KINGSTON: Caribbean Flavours and Fragrances (CFF) is hoping to expand its footprint in the local and international markets following a $10.32 million increase in net profit for its June financial year end.
The company saw its net profit move from $47.39 million to $57.71 million year over year, led by the company’s ability to manage operational expenses and double-digit growth of its revenue.
“The economic environment has allowed the company to grow its revenues and profits by securing new markets for fragrances and increasing the volume of sales of flavours to existing customers and new customers in foreign markets,” the board of directors said in a statement to shareholders.
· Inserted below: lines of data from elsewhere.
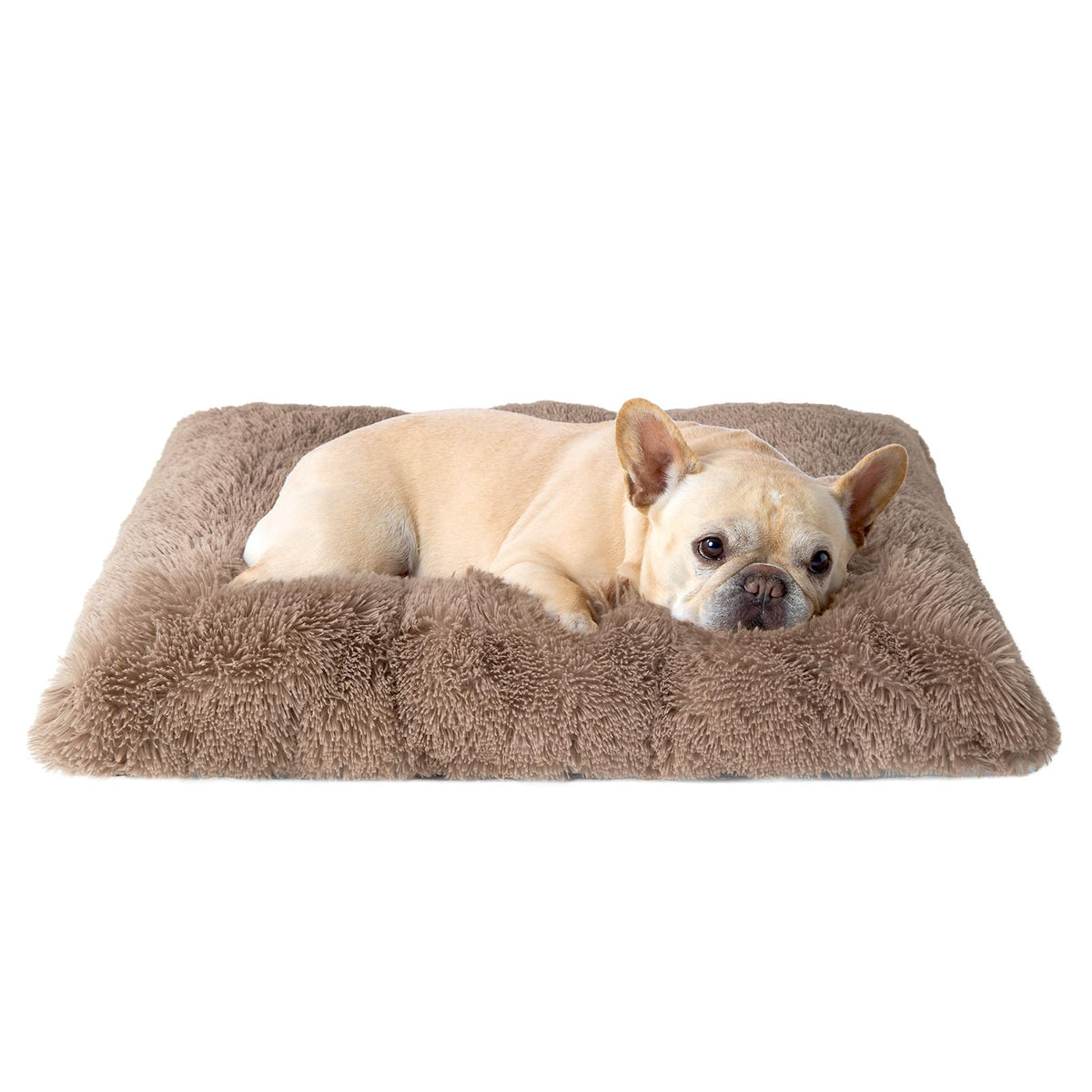EHEYCIGA Fluffy Dog Crate Bed for Medium Dogs, Plush Crate Pad, Grey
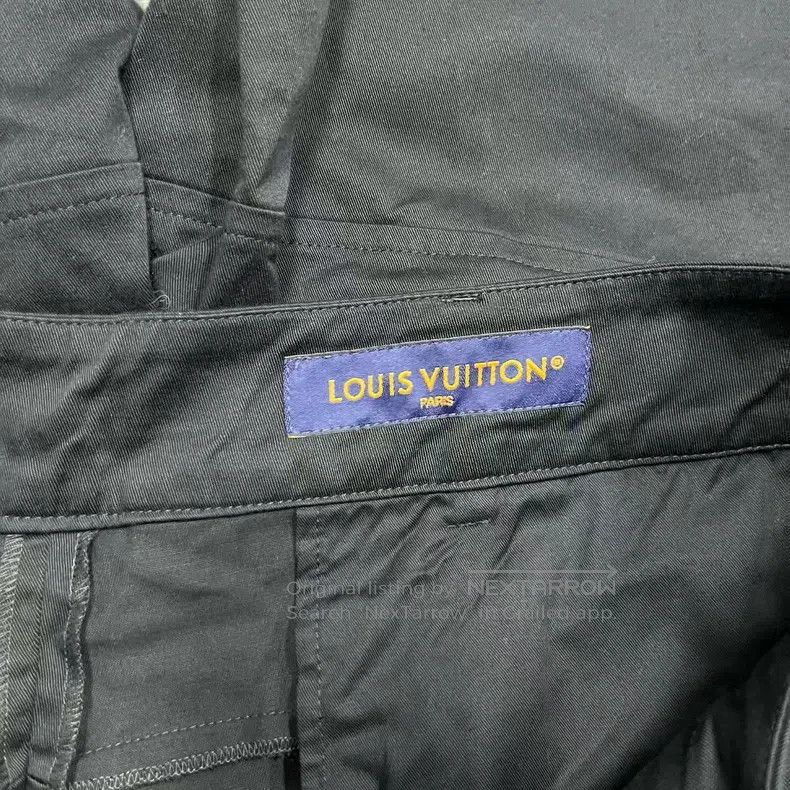 Louis Vuitton Louis Vuitton size US 56 Black Solid Twill Midrise Straight Size US 40 / EU 56 - 2 Thumbnail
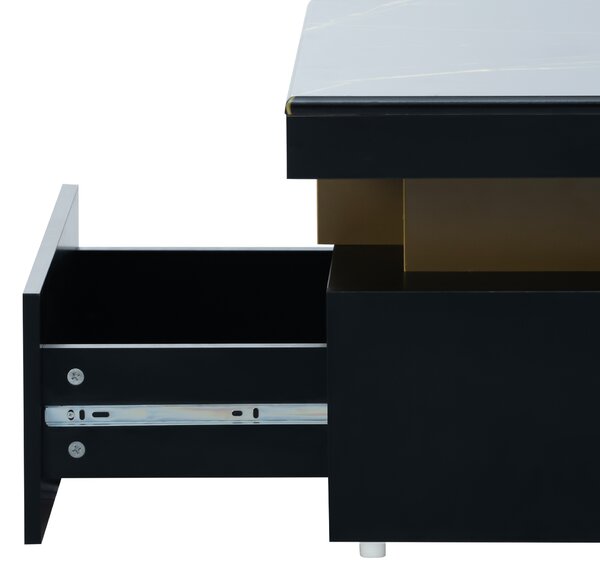 Modern Rectangular Coffee Table with Marble Veneer Top and 2 Wooden Drawers, Table in Trendy Design for Living Room, 100x50x40 cm, Black Aosom UK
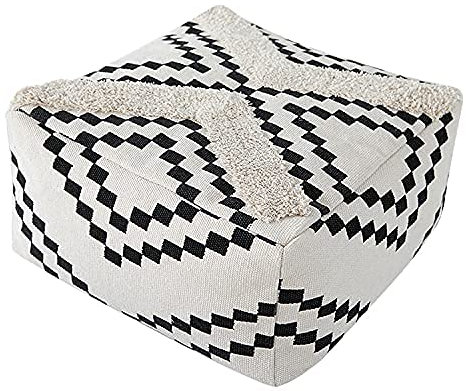 MOCOFO Dekorativer quadratischer Polsterhocker für Schlafzimmer, Boho-Baumwolle, ungefüllt, Pouf-Fußhocker (schwarzer Diamant, 40,6 x 40,6 x 20,3 cm)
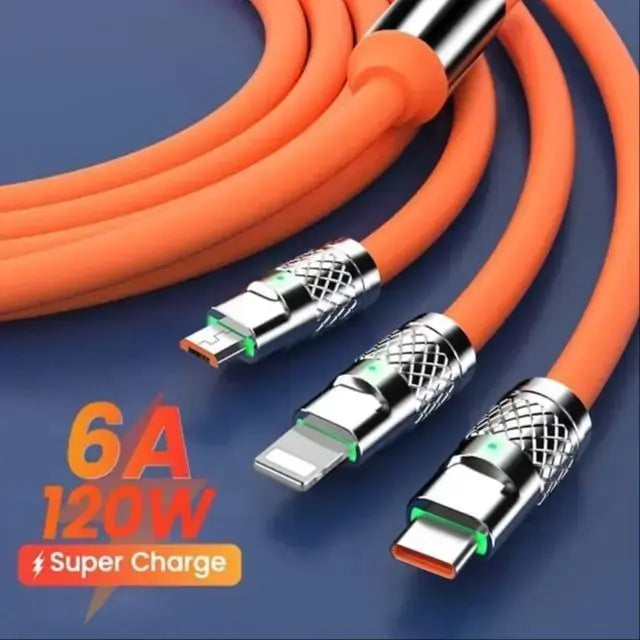 120W 6A 3in1 Type C Fast Charging Usb Cable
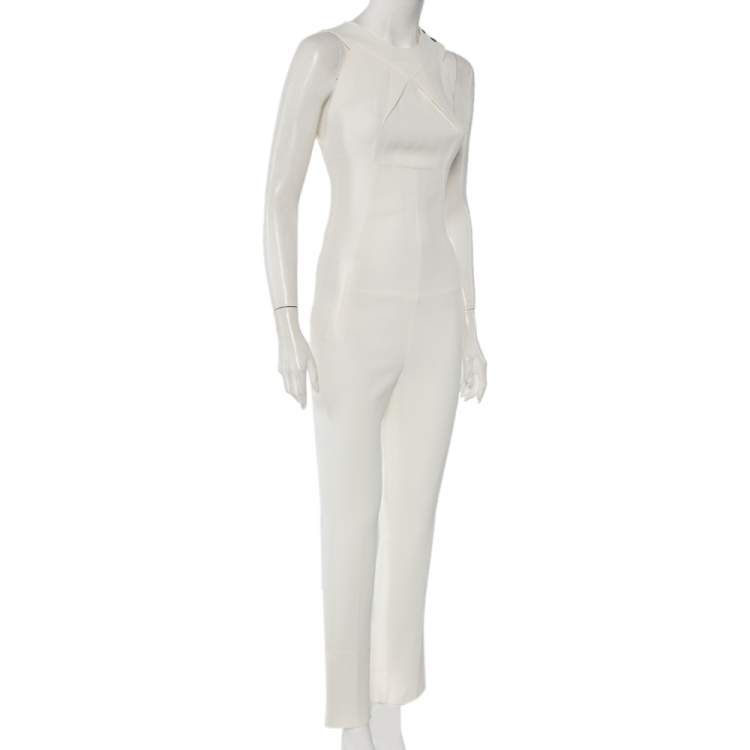 Pre Owned Roland Mouret White Crepe Draped Neck Shoulder Button Jumpsuit M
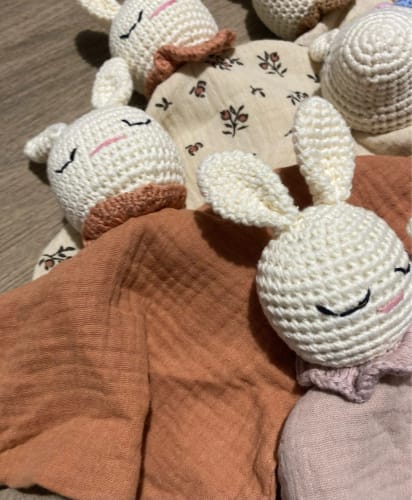 Customer photo review of Crochet Rabbit Baby Baby Security Blanket
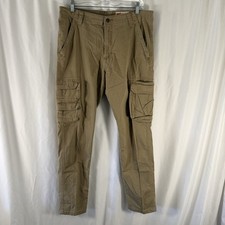 Wrangler Regular Taper Cargo Pants Men's 32x32 Khaki Cargo Pockets Button Zip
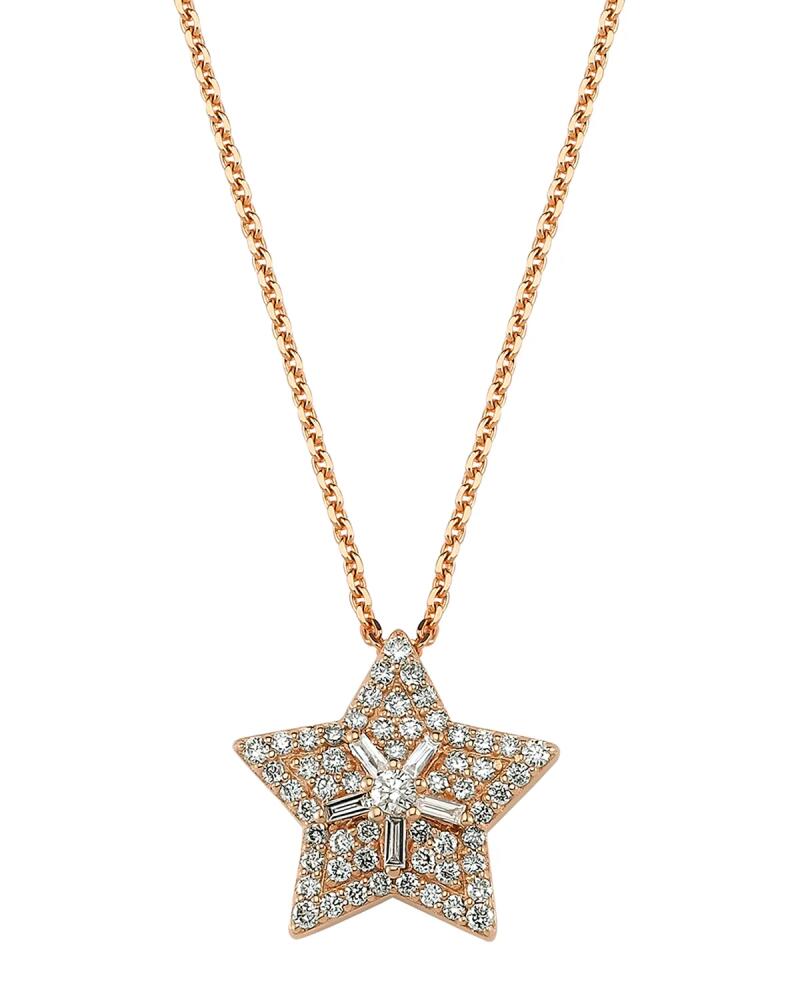 BeeGoddess 14k Rose Gold Diamond Sirius Necklace Cover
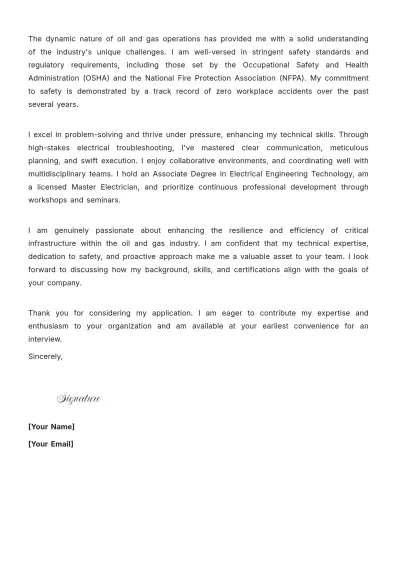 Free Oil And Gas Electrician Cover Letter to Edit Online
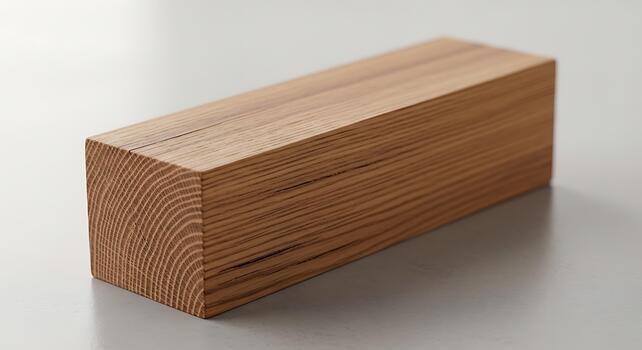 Natural Wood Block with Visible Grain Texture on Light Background Minimalist Background Element photo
CFF supplies more than 25 flavours and water-soluble colours to food and beverage manufacturers. The company also manufactures and supplies fragrances for household cleaning, body care, and aromatherapy and air refresher industries, resulting in revenue of $306.8 million or an increase of $5.4 million over the $255.36 million reported for the 2014 financial year.
Their customers are located in the US, Canada and Jamaica as well as in five other Caribbean countries: Trinidad and Tobago, Grenada, Barbados, St Kitts, and Guyana.
“Based on the outlook for the coming year, it is expected that the company will continue to improve its profits whilst increasing its market share in both the domestic and overseas market,” the financials stated.
However, CFF saw 32.5 per cent decline in its cash flow from a $50-million investment made by the company during the year. The company closed its year end with cash and cash equivalents of $54 million, down from the $80 million it made a year earlier.
After raising $50.6 million from an initial public offering in 2013, CFF indicated it would build a chill room that will stock juices and install redundancies for equipment to reduce downtime and maintain product quality.